18. Limitation of Liability
- Nothing in these Terms excludes, restricts or modifies any rights or remedies under the Australian Consumer Law (“ACL”) that cannot be excluded by law.
- To the extent permitted by law, where the Goods are not of a kind ordinarily acquired for personal, domestic or household use or consumption, Holly & Ivy’s liability for any failure to comply with a consumer guarantee is limited, at its option, to:
- replacement of the Goods or supply of equivalent goods;
- repair of the Goods;
- payment of the cost of replacement or repair.
- To the maximum extent permitted by law, Holly & Ivy is not liable for any indirect, consequential or economic loss, including loss of profit, revenue, business, goodwill, opportunity, anticipated savings, or any claim by a third party.
- Subject to clause 18.1, Holly & Ivy’s total aggregate liability arising out of or in connection with the supply of Goods is limited to the amount paid by the Customer for the Goods giving rise to the claim.
- Holly & Ivy is not liable for loss or damage arising from misuse, improper storage, modification, unauthorised repair, or failure to follow product instructions.
19. Governing Law & Territory
- These Terms are governed by and construed in accordance with the laws of the Commonwealth of Australia.
- The parties irrevocably submit to the exclusive jurisdiction of the courts of Australia and the courts entitled to hear appeals from those courts.
- These Terms apply to the wholesale supply of Goods throughout Australia and New Zealand.
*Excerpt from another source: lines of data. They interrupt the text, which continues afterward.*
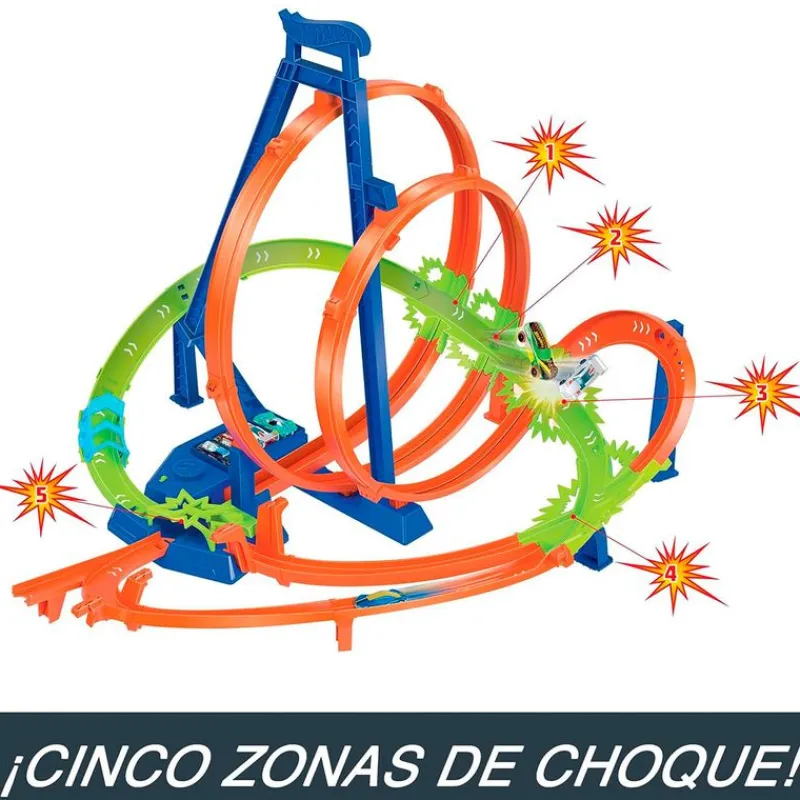 MATTEL Hot Wheels Pista Choques Épicos- Vehículos, Trenes Y Parkings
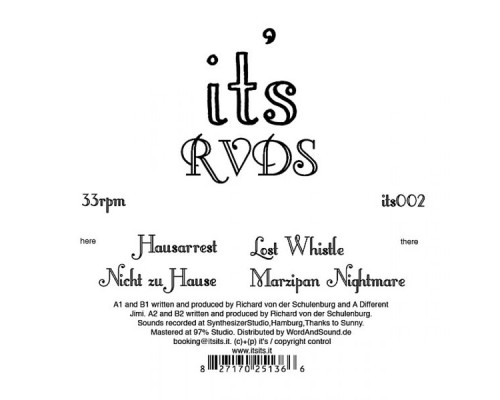 RVDS - Lost Whistle EP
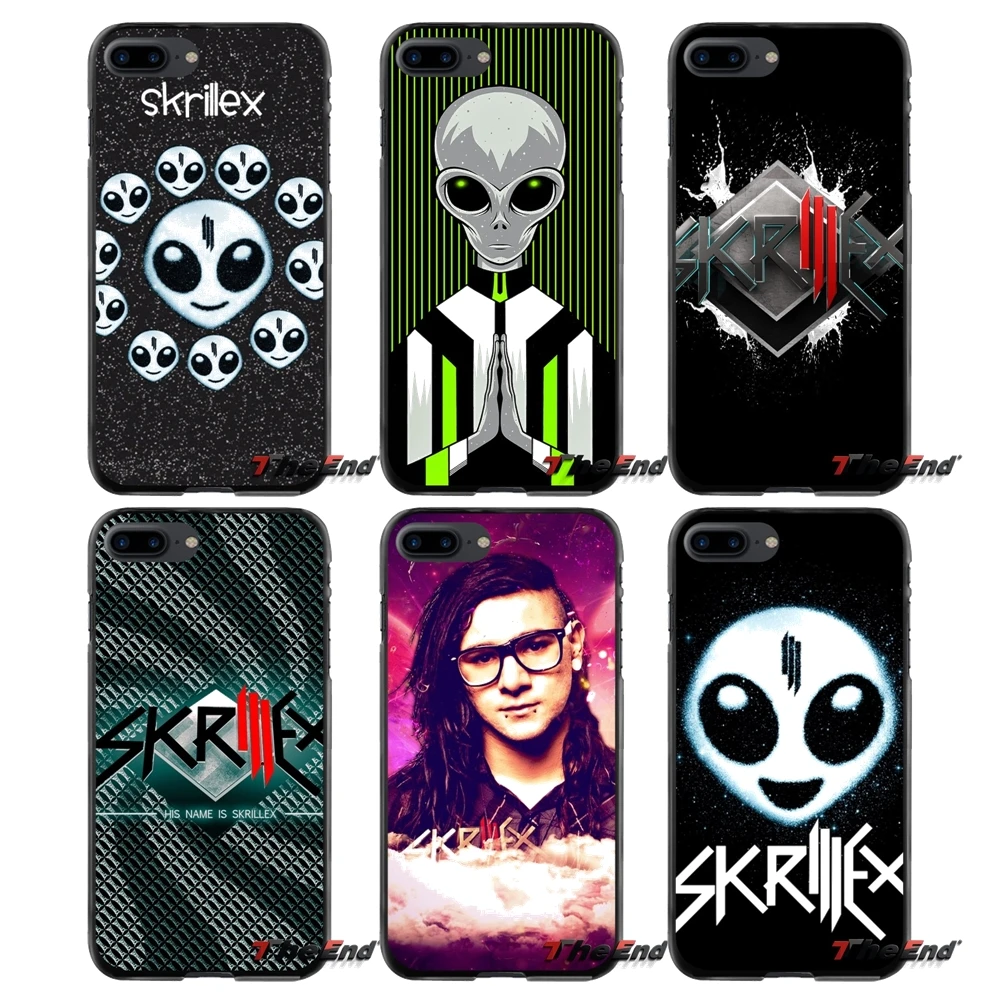 DJ певица skrillex для Apple iPhone 4 4S 5 5S 5C SE 6 S 7 8 Plus X iPod touch аксессуары телефон оболочки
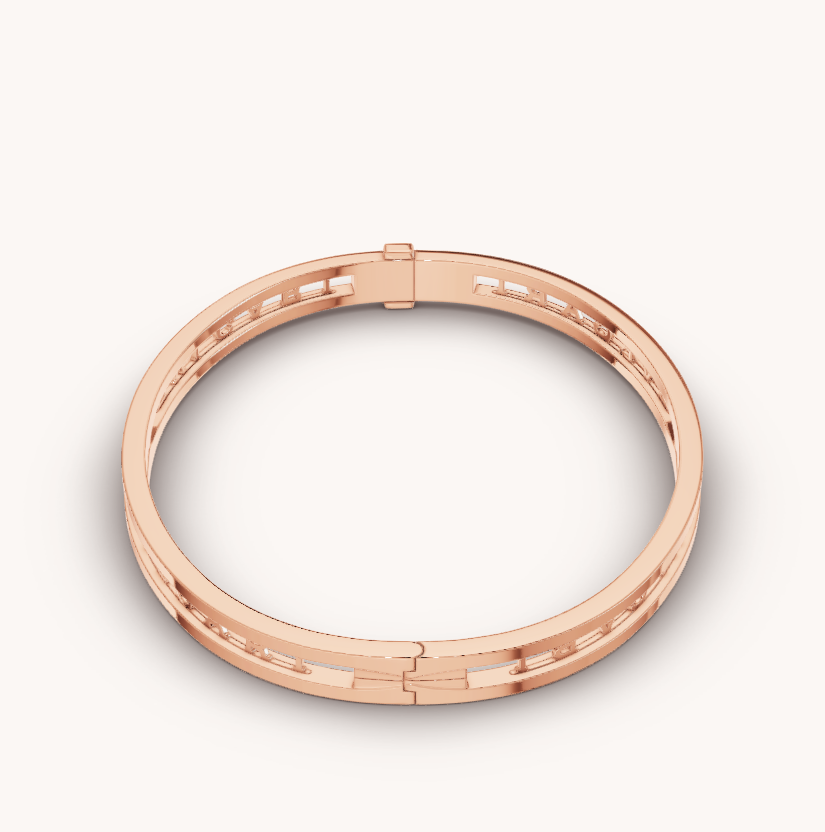 [Moco]ZERO 1 SPIRAL LOGO PINK GOLD BRACELET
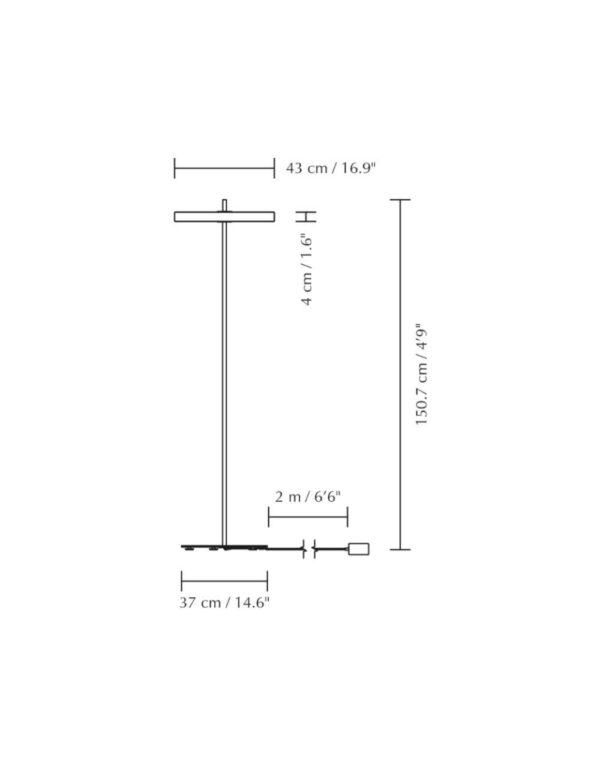 Asteria Floor pearl white O 43 x 150,7 cm – 1-UM2337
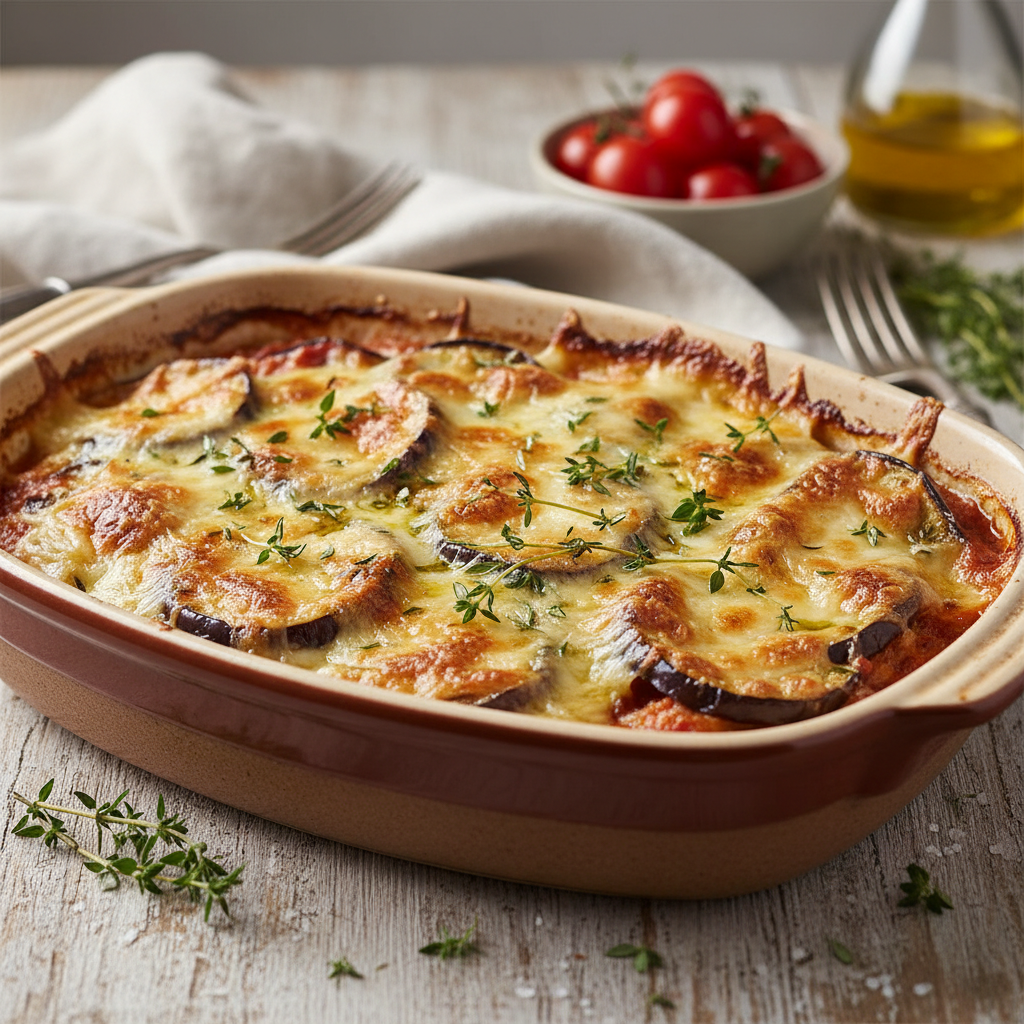 Gratin d’aubergines à la provençale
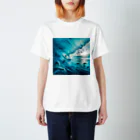 Lovers-chapelのサーファーと海 Regular Fit T-Shirt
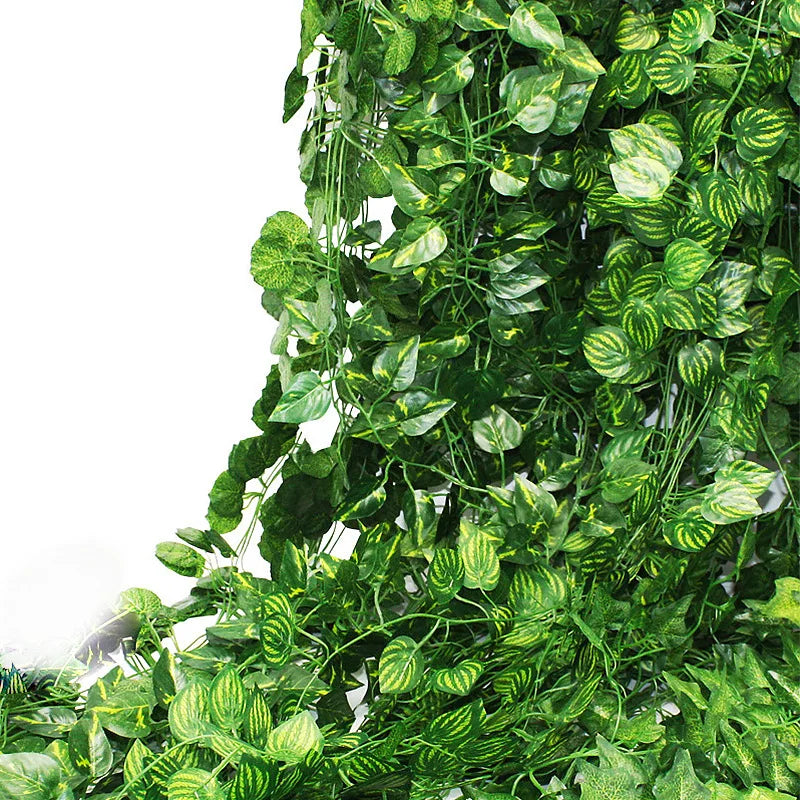 Artificial Ivy Leaf Plants Vine Hanging Garland  Cloth Ivy Rattan Garland Fake Vines Hanging Wedding Faux Plant Scapeing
Where Goods are supplied outside Australia, the parties agree that Australian law continues to apply to the maximum extent permitted by law.
- The United Nations Convention on Contracts for the International Sale of Goods (CISG) does not apply to these Terms or to any supply of Goods by Holly & Ivy.
20. Amendments
- Holly & Ivy may amend, vary or replace these Terms from time to time by providing written notice to the Customer or by publishing the updated Terms on its website.
- Any amended Terms take effect from the date specified in the notice or publication.
- Continued placement of Orders, acceptance of Goods, or ongoing trading after the effective date of the amended Terms constitutes acceptance of the updated Terms.
- No variation to these Terms proposed by the Customer is binding unless expressly agreed in writing and signed by an authorised representative of Holly & Ivy.
21. Entire Agreement
- These Terms constitute the entire agreement between Holly & Ivy and the Customer in relation to the wholesale supply of Goods and supersede all prior negotiations, discussions, representations, understandings or agreements (whether written or oral) relating to that subject matter.
- The Customer acknowledges that it has not relied on any statement, representation, warranty or promise made by or on behalf of Holly & Ivy that is not expressly set out in these Terms.
- To the extent permitted by law, any terms and conditions contained in the Customer’s purchase order, trading terms or other document are excluded and do not apply, unless expressly agreed in writing by Holly & Ivy.
- Nothing in this clause limits or excludes any rights that cannot be excluded under the Australian Consumer Law.